The 10-pound pup, whose wrinkled skin is too big for her body, is one of an abnormally high number of sea mammals--about 6,000 since the summer--dying on the island 50 miles off the Ventura coast.

Though this pristine, desolate place normally provides an abundance of nutrient-rich plant and animal life--drawing the largest population of seals and sea lions south of Alaska--the island tells a different story this year.

In one of the most tangible manifestations of El Nino, oceanic warming has driven away the creatures' favorite foods: squid, anchovies, herring and sardines.

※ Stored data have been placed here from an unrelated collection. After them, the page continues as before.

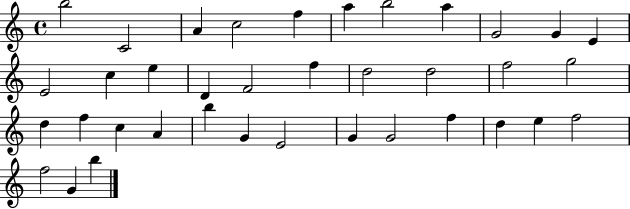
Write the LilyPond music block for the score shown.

{
  \clef treble
  \time 4/4
  \defaultTimeSignature
  \key c \major
  b''2 c'2 | a'4 c''2 f''4 | a''4 b''2 a''4 | g'2 g'4 e'4 | \break e'2 c''4 e''4 | d'4 f'2 f''4 | d''2 d''2 | f''2 g''2 | \break d''4 f''4 c''4 a'4 | b''4 g'4 e'2 | g'4 g'2 f''4 | d''4 e''4 f''2 | \break f''2 g'4 b''4 | \bar "|."
}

Up and down the California coast, the food shortage is taking its toll on northern fur seals and California sea lions, both of which breed in summer and compete for the same food supply.

Three out of four fur seals born on San Miguel this June already have died, and DeLong expects to see the same fatality rate among the sea lion population by summer.

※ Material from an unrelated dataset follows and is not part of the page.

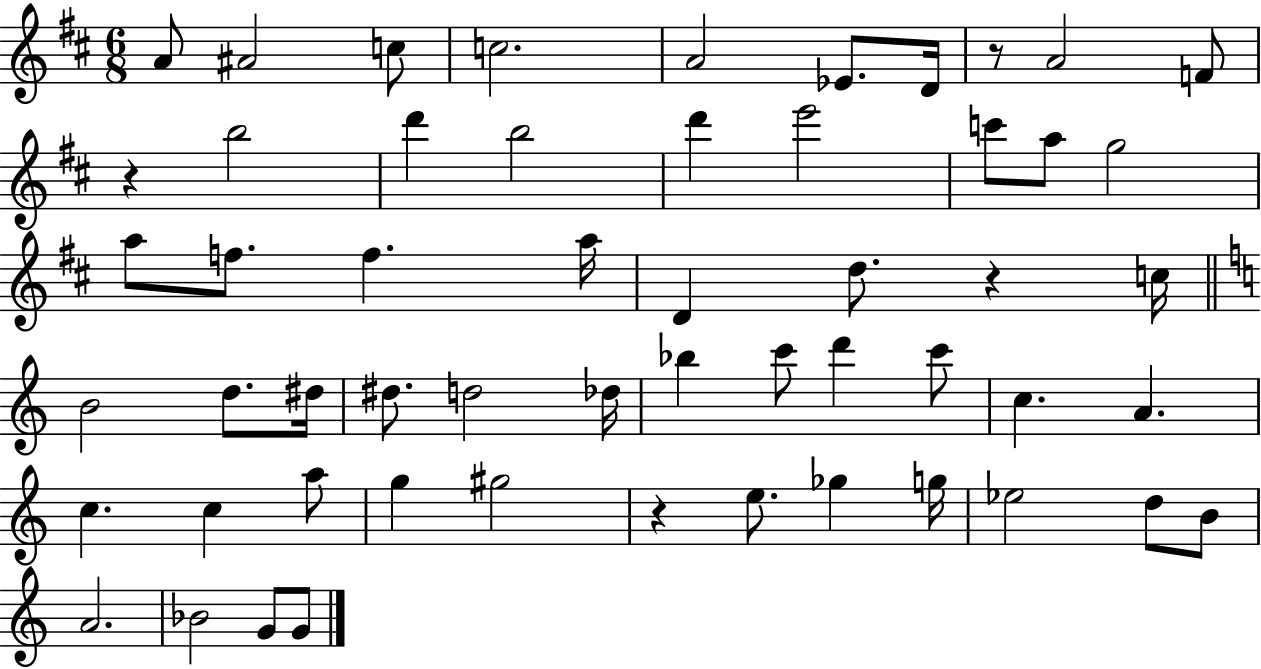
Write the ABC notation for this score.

DeLong, who works for the National Marine Fisheries Service in Seattle, has been stacking up the bodies here since midsummer. The death toll, he said, is no doubt similar on the half-dozen islands from San Francisco to San Diego where pinnipeds breed.

His job on San Miguel is to document the famine, not to save the dying animals. San Miguel has been targeted because the island has the California coast's largest seal and sea lion population and studies have been done here since the 1960s.

What's happening now, DeLong noted, is natural selection.

"Am I sad about it?" DeLong asked. "No. I'm just a watcher by the pond. It's a privilege to be here to watch the good years and the bad years."

But not everybody is willing to let the animals wither away.

Rescue groups--from Sea World in San Diego to a Sausalito-based organization--are poised along the coast to take in the starving seals and sea lions.